Task statement: Repeat precisely the span of lines below that opens with the line containing "Used 2019 Lincoln" and closes with the line containing "Aten Hdmi-vastaanotin 1", both included.

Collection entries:

--

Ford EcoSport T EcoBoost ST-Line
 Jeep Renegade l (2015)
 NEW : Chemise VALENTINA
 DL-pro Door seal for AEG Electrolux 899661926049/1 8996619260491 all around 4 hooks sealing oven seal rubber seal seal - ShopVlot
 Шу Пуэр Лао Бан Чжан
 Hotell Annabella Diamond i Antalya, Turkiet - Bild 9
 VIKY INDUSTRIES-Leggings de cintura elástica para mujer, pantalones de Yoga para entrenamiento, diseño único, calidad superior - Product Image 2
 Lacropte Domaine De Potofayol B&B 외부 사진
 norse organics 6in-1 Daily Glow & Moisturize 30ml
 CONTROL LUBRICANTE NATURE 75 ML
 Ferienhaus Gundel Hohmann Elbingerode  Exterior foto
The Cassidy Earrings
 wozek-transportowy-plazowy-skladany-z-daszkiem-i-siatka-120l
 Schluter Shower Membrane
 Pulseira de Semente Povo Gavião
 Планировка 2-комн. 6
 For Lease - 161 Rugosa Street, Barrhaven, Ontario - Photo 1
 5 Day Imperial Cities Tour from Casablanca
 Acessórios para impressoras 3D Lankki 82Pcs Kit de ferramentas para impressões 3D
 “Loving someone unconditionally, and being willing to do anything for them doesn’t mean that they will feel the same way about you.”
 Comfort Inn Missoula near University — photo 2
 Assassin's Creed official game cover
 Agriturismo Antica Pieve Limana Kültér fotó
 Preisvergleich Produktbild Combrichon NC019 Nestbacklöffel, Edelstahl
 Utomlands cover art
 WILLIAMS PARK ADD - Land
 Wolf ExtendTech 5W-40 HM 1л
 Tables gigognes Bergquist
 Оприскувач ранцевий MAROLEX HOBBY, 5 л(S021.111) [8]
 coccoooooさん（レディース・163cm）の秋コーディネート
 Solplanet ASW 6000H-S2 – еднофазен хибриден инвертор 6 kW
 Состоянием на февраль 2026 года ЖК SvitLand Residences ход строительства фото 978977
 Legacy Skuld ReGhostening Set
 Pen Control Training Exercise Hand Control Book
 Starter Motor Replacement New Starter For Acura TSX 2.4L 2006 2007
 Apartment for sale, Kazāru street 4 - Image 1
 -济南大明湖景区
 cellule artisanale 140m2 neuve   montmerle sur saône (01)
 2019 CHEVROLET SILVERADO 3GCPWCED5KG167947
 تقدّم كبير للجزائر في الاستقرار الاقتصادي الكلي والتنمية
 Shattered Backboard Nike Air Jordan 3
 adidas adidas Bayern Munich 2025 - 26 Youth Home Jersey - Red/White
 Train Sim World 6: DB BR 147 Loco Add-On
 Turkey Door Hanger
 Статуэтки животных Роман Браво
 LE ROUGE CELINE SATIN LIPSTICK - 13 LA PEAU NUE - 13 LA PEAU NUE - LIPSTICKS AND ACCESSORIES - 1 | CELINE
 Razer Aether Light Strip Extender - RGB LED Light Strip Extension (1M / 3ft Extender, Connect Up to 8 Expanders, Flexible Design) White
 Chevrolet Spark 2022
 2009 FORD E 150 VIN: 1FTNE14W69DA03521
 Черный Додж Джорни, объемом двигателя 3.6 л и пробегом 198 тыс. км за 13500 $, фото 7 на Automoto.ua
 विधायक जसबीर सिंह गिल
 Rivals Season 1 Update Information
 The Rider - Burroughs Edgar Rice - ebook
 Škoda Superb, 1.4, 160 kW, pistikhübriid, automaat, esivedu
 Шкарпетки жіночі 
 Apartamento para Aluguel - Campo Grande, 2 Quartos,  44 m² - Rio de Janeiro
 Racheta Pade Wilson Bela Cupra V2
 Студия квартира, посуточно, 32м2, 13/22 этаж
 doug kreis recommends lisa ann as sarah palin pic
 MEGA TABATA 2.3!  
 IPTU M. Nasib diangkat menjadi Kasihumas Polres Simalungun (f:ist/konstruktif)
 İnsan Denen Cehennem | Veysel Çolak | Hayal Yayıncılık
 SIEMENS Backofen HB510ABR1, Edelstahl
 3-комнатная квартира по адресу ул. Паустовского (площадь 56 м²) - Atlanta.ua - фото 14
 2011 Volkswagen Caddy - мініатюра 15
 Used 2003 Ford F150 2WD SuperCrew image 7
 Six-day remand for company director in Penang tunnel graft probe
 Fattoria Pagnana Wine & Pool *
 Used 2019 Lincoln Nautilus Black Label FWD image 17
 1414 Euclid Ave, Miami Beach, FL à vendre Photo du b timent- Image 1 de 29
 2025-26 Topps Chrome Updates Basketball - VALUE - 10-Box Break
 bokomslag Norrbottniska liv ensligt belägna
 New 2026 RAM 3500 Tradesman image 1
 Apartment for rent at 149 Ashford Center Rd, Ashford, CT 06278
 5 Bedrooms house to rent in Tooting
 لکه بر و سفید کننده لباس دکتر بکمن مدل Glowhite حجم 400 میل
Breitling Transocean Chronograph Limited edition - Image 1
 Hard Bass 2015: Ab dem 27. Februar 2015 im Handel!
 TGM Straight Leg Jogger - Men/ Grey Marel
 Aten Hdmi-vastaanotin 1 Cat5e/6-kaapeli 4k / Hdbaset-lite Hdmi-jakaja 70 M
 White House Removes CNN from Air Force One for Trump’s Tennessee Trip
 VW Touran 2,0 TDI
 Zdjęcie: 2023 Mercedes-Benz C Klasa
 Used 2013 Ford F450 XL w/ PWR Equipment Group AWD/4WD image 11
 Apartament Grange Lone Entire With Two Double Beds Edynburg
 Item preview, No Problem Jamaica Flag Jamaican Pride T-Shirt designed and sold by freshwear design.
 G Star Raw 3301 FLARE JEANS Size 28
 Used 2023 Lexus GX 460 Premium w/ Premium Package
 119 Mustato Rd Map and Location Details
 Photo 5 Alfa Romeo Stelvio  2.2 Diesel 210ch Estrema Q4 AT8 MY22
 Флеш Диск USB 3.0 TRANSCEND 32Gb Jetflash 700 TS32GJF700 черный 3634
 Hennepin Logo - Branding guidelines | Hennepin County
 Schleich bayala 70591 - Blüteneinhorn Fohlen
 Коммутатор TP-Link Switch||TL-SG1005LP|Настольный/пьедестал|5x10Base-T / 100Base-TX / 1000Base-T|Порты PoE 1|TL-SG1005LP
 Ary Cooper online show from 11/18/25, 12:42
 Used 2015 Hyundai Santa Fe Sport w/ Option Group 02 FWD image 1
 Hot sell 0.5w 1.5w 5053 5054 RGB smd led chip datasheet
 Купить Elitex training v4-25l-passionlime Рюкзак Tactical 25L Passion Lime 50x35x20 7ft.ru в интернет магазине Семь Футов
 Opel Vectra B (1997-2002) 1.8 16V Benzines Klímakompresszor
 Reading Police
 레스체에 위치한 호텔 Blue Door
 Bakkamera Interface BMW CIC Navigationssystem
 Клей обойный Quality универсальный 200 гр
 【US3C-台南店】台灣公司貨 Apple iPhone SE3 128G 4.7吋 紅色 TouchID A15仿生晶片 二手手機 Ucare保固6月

--

Problem solution:
 Used 2019 Lincoln Nautilus Black Label FWD image 17
 1414 Euclid Ave, Miami Beach, FL à vendre Photo du b timent- Image 1 de 29
 2025-26 Topps Chrome Updates Basketball - VALUE - 10-Box Break
 bokomslag Norrbottniska liv ensligt belägna
 New 2026 RAM 3500 Tradesman image 1
 Apartment for rent at 149 Ashford Center Rd, Ashford, CT 06278
 5 Bedrooms house to rent in Tooting
 لکه بر و سفید کننده لباس دکتر بکمن مدل Glowhite حجم 400 میل
Breitling Transocean Chronograph Limited edition - Image 1
 Hard Bass 2015: Ab dem 27. Februar 2015 im Handel!
 TGM Straight Leg Jogger - Men/ Grey Marel
 Aten Hdmi-vastaanotin 1 Cat5e/6-kaapeli 4k / Hdbaset-lite Hdmi-jakaja 70 M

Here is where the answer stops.